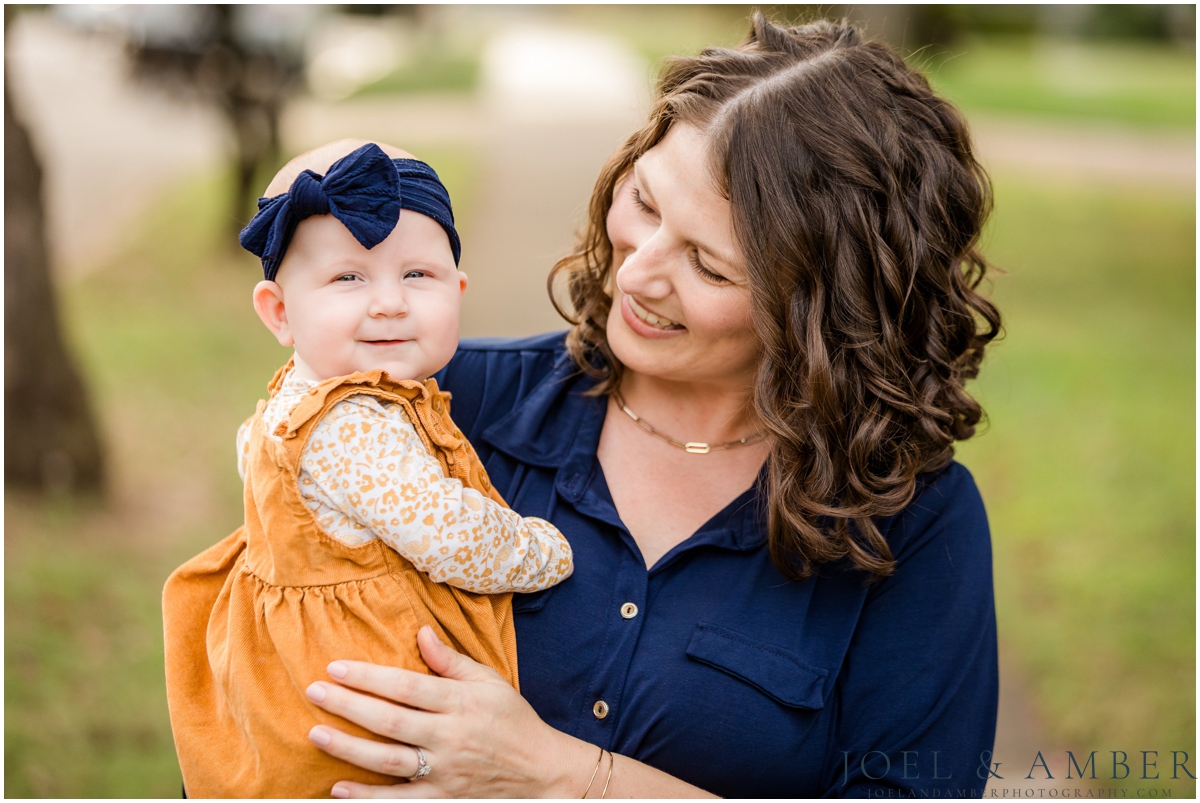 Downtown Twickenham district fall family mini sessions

===

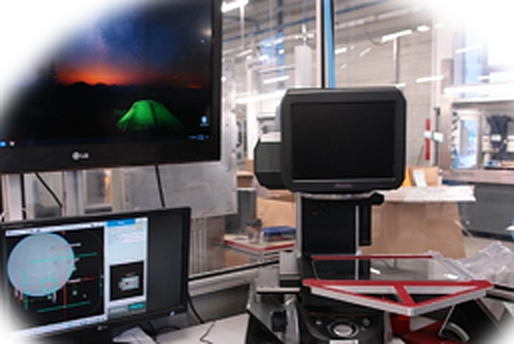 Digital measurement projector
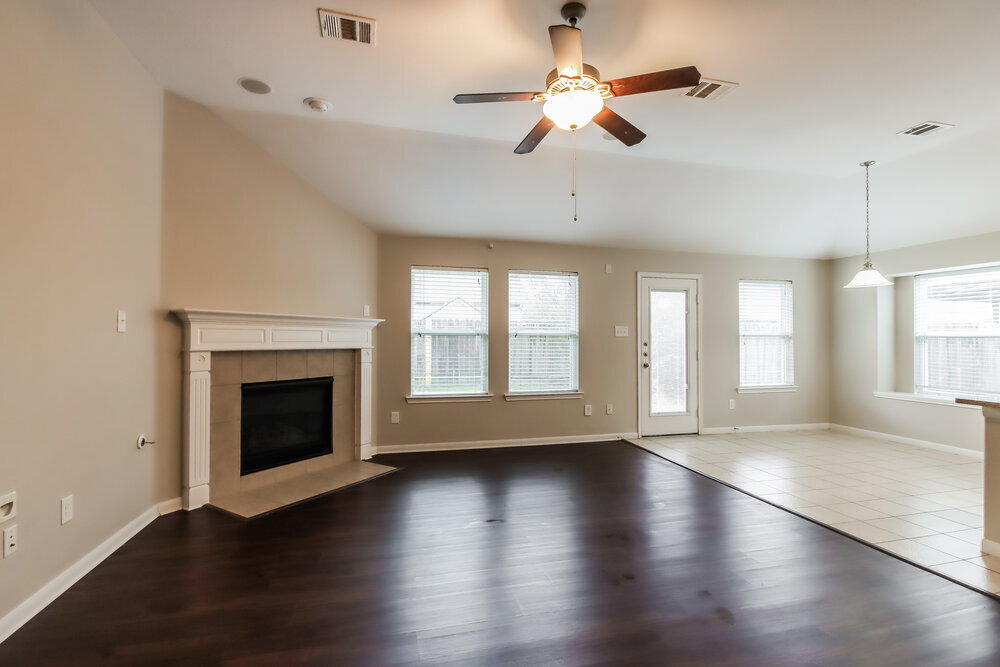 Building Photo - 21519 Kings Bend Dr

===

Copy nothing but the lines above that run from the one with "Digital measurement projector" to the one with "Building Photo - 21519 Kings Bend Dr", ends included; pictures stay out.

 Digital measurement projector
 Building Photo - 21519 Kings Bend Dr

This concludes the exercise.